As a reminder, from the CBO’s latest Trends in Family Wealth analysis, here is a breakdown of the above chart by wealth group, which sadly shows how the “average” American wealth is anything but.
While the breakdown has not caught up with the latest data, it provides an indicative snapshot of who benefits. Here is how the CBO recently explained the wealth is distributed:
- In 2013, families in the top 10 percent of the wealth distribution held 76 percent of all family wealth, families in the 51st to the 90th percentiles held 23 percent, and those in the bottom half of the distribution held 1 percent.
- Average wealth was about $4 million for families in the top 10 percent of the wealth distribution, $316,000 for families in the 51st to 90th percentiles, and $36,000 for families in the 26th to 50th percentiles. On average, families at or below the 25th percentile were $13,000 in debt.
Even worse, when looking at how wealth distribution changed from 1989 to 2013, a clear picture emerges. Over the period from 1989 through 2013, family wealth grew at significantly different rates for different segments of the U.S. population. In 2013, for example:The wealth of families at the 90th percentile of the distribution was 54 percent greater than the wealth at the 90th percentile in 1989, after adjusting for changes in prices.
- The wealth of those at the median was 4 percent greater than the wealth of their counterparts in 1989.
- The wealth of families at the 25th percentile was 6 percent less than that of their counterparts in 1989.
- As the chart below shows, nobody has experienced the same cumulative growth in after-tax income as the “Top 1%”

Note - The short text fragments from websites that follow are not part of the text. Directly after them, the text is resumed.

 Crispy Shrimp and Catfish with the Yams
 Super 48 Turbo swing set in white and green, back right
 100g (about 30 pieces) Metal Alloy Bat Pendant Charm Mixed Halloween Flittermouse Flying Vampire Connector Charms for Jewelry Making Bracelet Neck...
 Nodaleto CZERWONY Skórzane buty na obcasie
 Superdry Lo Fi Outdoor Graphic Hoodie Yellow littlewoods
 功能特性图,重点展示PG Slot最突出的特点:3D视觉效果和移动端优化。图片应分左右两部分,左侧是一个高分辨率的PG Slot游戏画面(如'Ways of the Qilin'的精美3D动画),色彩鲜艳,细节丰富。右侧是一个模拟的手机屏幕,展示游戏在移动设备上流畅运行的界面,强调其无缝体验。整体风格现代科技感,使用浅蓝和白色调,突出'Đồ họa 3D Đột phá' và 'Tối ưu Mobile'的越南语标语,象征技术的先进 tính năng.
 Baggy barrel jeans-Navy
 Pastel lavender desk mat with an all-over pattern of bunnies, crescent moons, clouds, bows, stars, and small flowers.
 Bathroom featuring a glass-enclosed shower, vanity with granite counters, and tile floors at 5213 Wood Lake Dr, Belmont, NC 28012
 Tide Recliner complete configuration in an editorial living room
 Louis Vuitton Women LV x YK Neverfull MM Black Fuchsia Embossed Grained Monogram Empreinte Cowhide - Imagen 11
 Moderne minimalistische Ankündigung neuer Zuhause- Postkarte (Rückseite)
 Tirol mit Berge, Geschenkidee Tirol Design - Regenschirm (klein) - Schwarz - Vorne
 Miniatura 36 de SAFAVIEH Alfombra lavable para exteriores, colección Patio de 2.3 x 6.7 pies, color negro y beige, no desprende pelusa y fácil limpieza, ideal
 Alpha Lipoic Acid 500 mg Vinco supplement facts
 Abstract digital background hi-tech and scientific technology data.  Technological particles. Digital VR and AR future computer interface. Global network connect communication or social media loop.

The above is particularly topical in a week when the Census Bureau released data that real median household incomes somehow rose by over 5% (which we refuted in a recent post). To be sure, marxists of the world may want to avoid the following section from the CBO, as they may suffer permanent injury:
The distribution of wealth among the nation’s families was more unequal in 2013 than it had been in 1989. For instance, the difference in wealth held by families at the 90th percentile and the wealth of those in the middle widened from $532,000 to $861,000 over the period (in 2013 dollars). The share of wealth held by families in the top 10 percent of the wealth distribution increased from 67 percent to 76 percent, whereas the share of wealth held by families in the bottom half of the distribution declined from 3 percent to 1 percent.
Finally, when Obama touts the US “income recovery” he may have forgotten about
half of America, but one entity remembers well: loan collectors. As the
chart below shows, America’s poor families have never been more in debt.
The share of families in debt (those whose total debt
exceeded their total assets) remained almost unchanged between 1989 and
2007 and then increased by 50 percent between 2007 and 2013. In 2013,
those families were more in debt than their counterparts had been either
in 1989 or in 2007. For instance, 8 percent of families were in debt in 2007 and, on average, their debt exceeded their assets by $20,000. By
2013, in the aftermath of the recession of 2007 to 2009, 12 percent of
families were in debt and, on average, their debt exceeded their assets
The increase in average indebtedness between 2007 and 2013 for families in debt was mainly the result of falling home equity and rising student loan balances. In 2007, 3 percent of families in debt had negative home equity: They
owed, on average, $16,000 more than their homes were worth. In 2013,
that share was 19 percent of families in debt, and they owed, on
average, $45,000 more than their homes were worth. The share of families in debt that had outstanding student debt rose from 56 percent in 2007 to 64 percent in 2013, and the average amount of their loan balances increased from $29,000 to $41,000.
And there is your recovery: the wealthy have never been wealthier, while half of America, some 50% of households, now own just 1% of the country’s wealth, down from 3% in 1989, while America’s poor have never been more in debt.